They measure the old gemini 2.5 generating proper diffs 92% of the time. I bet this goes up to ~95-98% https://aider.chat/docs/leaderboards/
Question for the google peeps who monitor these threads: Is gemini-2.5-pro-exp (free tier) updated as well, or will it go away?
Also, in the blog post, it says:
> The previous iteration (03-25) now points to the most recent version (05-06), so no action is required to use the improved model, and it continues to be available at the same price.
Does this mean gemini-2.5-pro-preview-03-25 now uses 05-06? Does the same apply to gemini-2.5-pro-exp-03-25?update: I just tried updating the date in the exp model (gemini-2.5-pro-exp-05-06) and that doesnt work.
I don't have a formal benchmark but there's a notable improvement in code generation due to this alone.
I've had gemini chug away on plans that have taken ~1 hour to implement. (~80mln tokens spent) A good portion of that energy was spent fixing mistakes made by cline/aider/roo due to search/replace mistakes.
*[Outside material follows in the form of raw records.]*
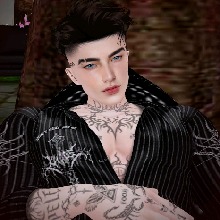 Guest_Valtier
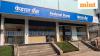 Federal Bank taps leveraged FCNR deposits to support credit growth, prepares for overseas fundraising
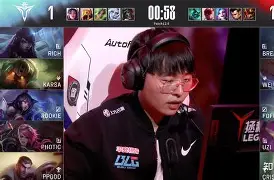 从Uzi连续十场比赛得分超过出色防守到NBA总决赛赛前再迎强敌，摩纳哥国际比赛日更衣室发声(uzi复出第一场比赛全场回放)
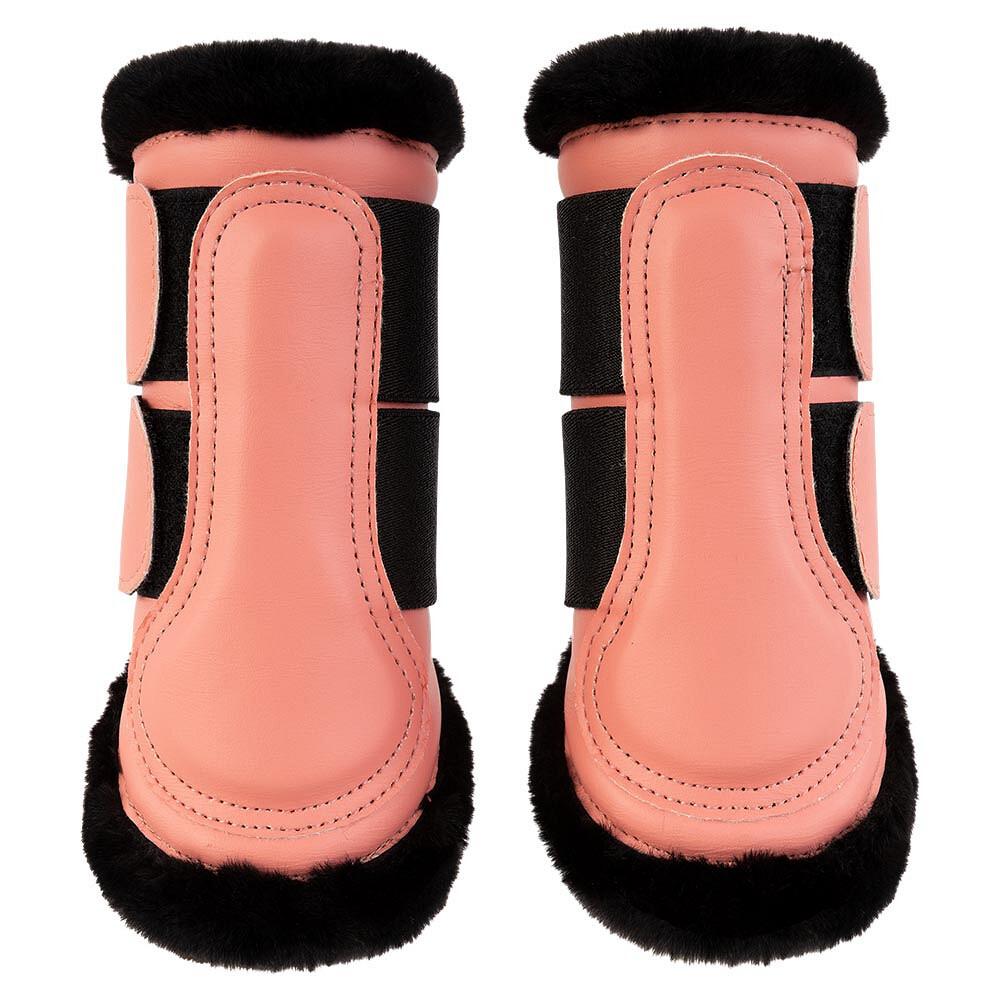 product/b/r/br-equitation_292310-p125-910_peach-blossom_2.jpg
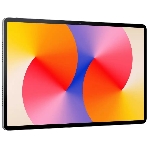 Планшет Huawei MatePad SE LTE 53014PKB 11' 8Gb, 128Gb, 3G, LTE, HarmonyOS 2, серый, фото4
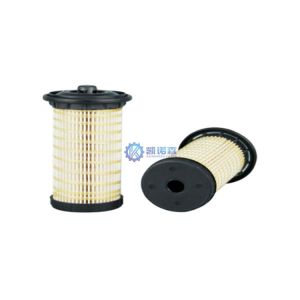 China 360-8960 EF-55040 Spin On Fuel Filter For Excavator 320GC 323 323D2L on sale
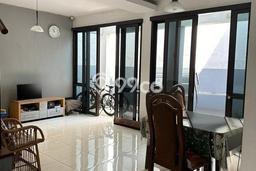 For Sale Rumah Elit Exclusive di Kebayoran Baru, Jakarta Selatan For Sale Rumah Elit Exclusive di Kebayoran Baru, Jakarta Selatan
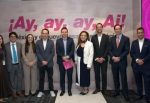 ¡Ay, ay, ay, Ai! México y el nuevo desafío tecnológico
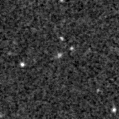 2025gaw_image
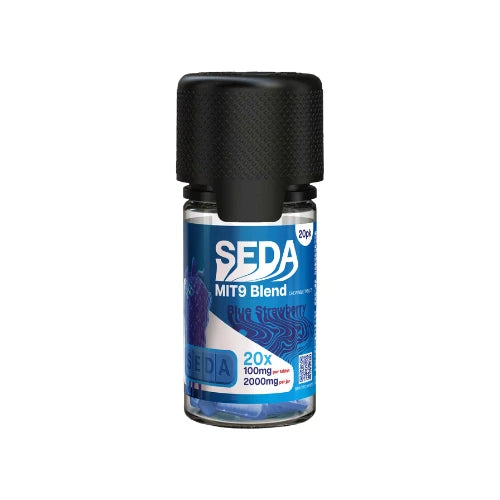 seda-mit9-blue-strawberry.webp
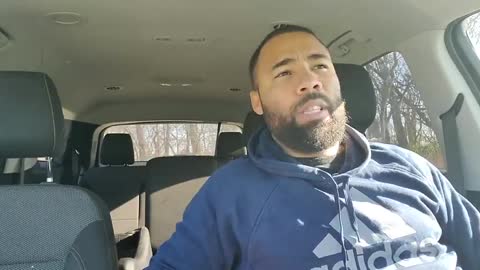 Trump do not concede election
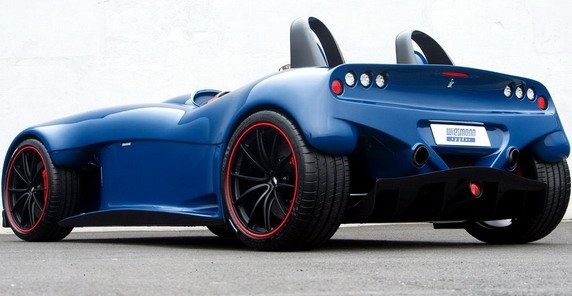 Wiesmann Spyder 111.jpg, 45 KB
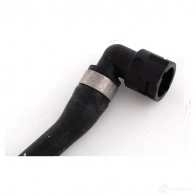Патрубок радиатора, шланг BMW 32432679 17127521775 G LW1V - Изображение 3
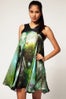 image1xxl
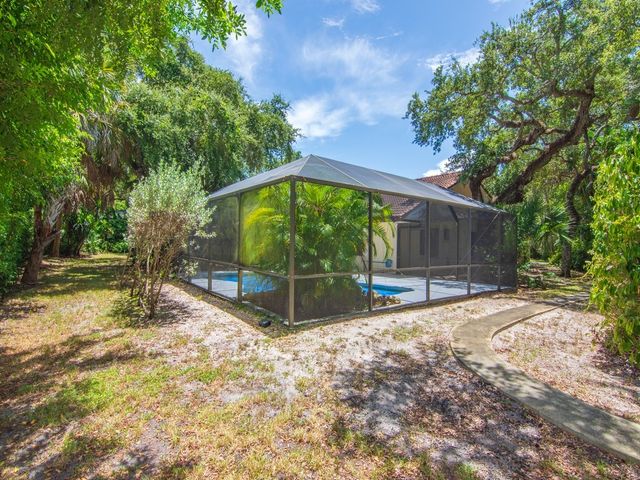 1476 Smugglers Cove, Vero Beach, FL 32963
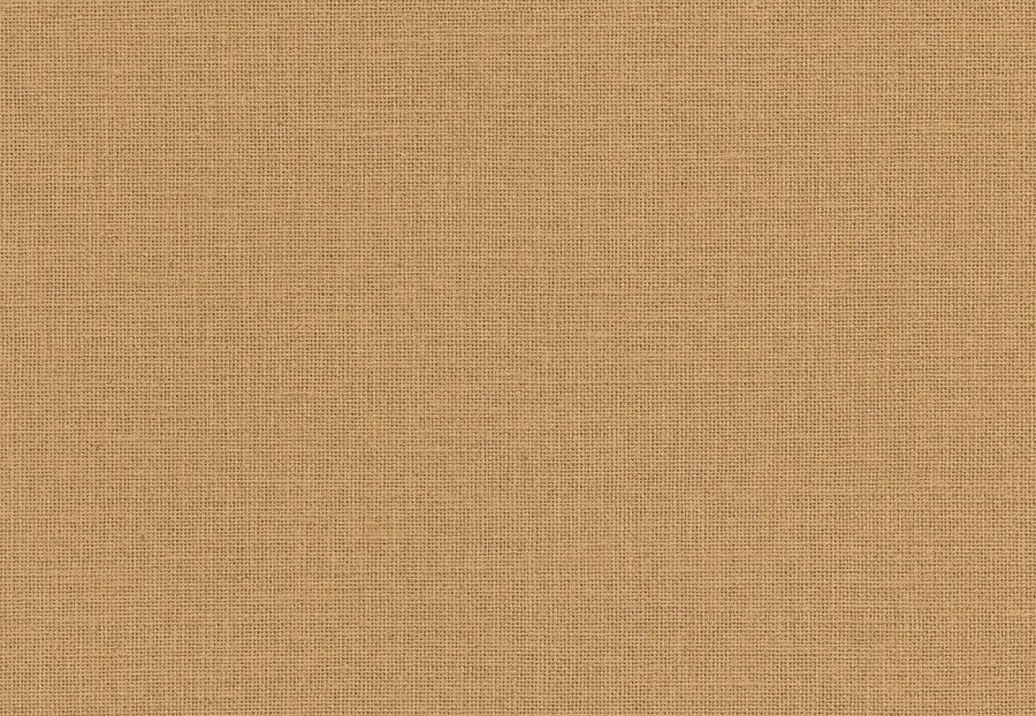 Обои Caselio Jute Essentiel JUT104012243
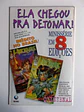 Cyber Force 14 - thumbnail 2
If this model gets anywhere close to 100% on diffs then this is a BFD. I estimate this will translate to a 50-75% productivity boost on long context coding tasks. I hope the initial results i'm seeing hold up!
I'm surprised by the reaction in the rest of the thread. A lot unproductive complaining, a lot of off topic stuff, nothing talking about the model itself.
Any thoughts from anyone else using the updated model?
Does this 2.5 pro "Preview" feel like an improvement if you had used the others?